Sie sagte, sie gehöre zur gleichen Familie, die die 10.000 Quadratmeter an Anna Deckel verkauft hat. Aber sie selber hat noch ein weiteres Grundstück von 5000 Quadratmetern, das direkt neben den 10.000 Quadratmetern liegen würde. Also im Klartext – 30 Meter Strand und nach hinten auch wieder ca. 140 Meter Tiefe bis hin zum kleinen Bach.

Sie hätte gehört, dass wir alle unsere Verpflichtungen – im Klartext die Geldzahlungen – korrekt gemacht hätten und sie wäre davon sehr angetan und hätte jetzt entschieden, ihr Grundstück uns auch anzubieten.
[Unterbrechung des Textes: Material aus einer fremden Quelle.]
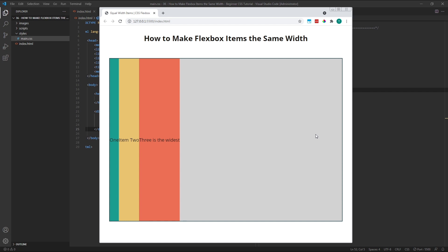Hi everyone, Tom here from Frontend Beginners, and in this video we'll look at how to make each of our flex items the same width in CSS Flexbox.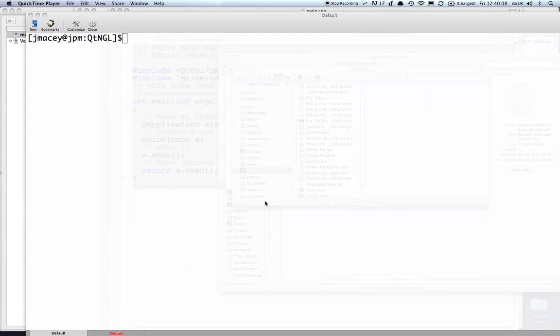I'm going to do a series of video tutorials showing how we can use Qt to create a GUI and integrate it with my NGL graphics library.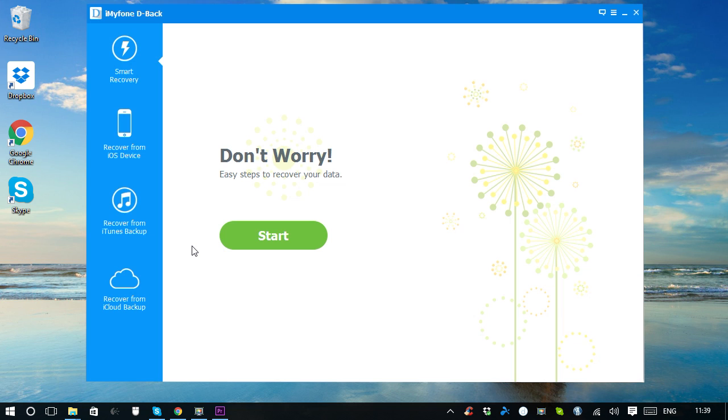First, open iMyPhone D-Back iPhone Data Recovery. You can see its interface is very simple and straightforward. On the left-hand side, there are four recovery modes.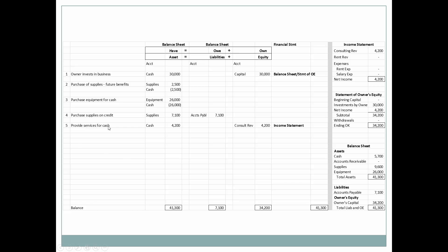Next we provide services and clients pay in cash, so we receive $4,200. We've earned revenue, which falls under owner's equity, and the associated financial statement is the income statement. Consulting revenue is $4,200 on the income statement. As the only income statement transaction so far, it flows through to net income, then to the statement of owner's equity, increasing ending owner's capital, and is also reflected on the balance sheet.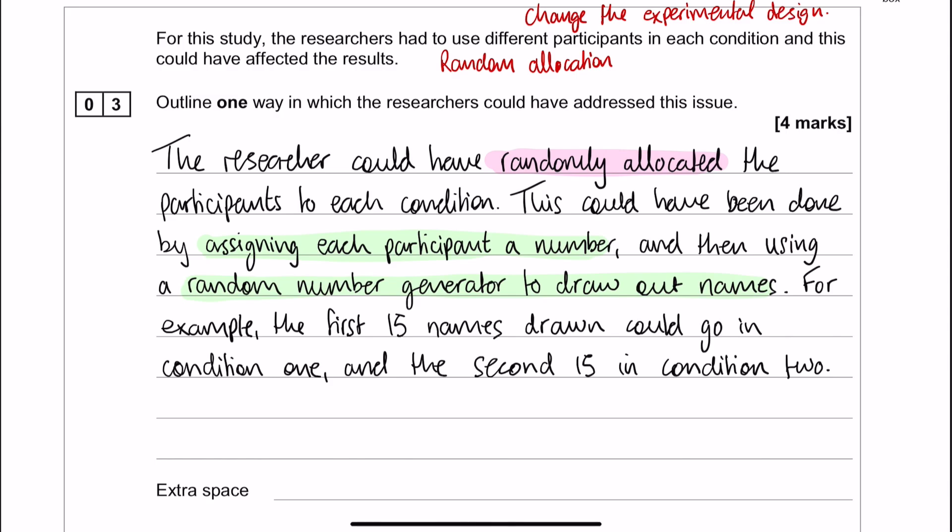Okay, so here is my answer. The researcher could have used random allocation or could have randomly allocated the participants to each condition. There's one mark. This is how we could deal with the problem, and then my other marks come from explaining how I'm going to do that.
Der Preis sollte zehn Dollar teurer sein als die 10.000 Quadratmeter, weil inzwischen angeblich der Preis für Strandgrundstücke auch in diesem entlegenen Gebiet stark gestiegen sei.
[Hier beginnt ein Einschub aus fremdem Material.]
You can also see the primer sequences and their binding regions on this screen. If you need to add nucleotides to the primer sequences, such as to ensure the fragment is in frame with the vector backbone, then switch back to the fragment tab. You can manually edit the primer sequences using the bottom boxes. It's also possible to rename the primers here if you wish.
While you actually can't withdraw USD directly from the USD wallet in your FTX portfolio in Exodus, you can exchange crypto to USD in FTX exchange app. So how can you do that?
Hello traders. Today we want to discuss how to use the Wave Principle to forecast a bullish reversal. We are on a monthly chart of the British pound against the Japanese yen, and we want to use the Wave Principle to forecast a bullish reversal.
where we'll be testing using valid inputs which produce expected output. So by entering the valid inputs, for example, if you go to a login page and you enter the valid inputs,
Ich antwortete, dass wir schon bei dem Kauf der ersten 10.000 Quadratmeter viel zu viel Grund und Boden gekauft hätten, denn unsere ursprüngliche Idee war 1.000 – 2.000 Quadratmeter. Und dass wir deswegen an weiteren 5000 Quadratmetern leider überhaupt kein Interesse haben. Dann fuhren wir zurück nach Bavaro und ich fing an, mir die Sache noch mal gründlich durch den Kopf gehen zu lassen.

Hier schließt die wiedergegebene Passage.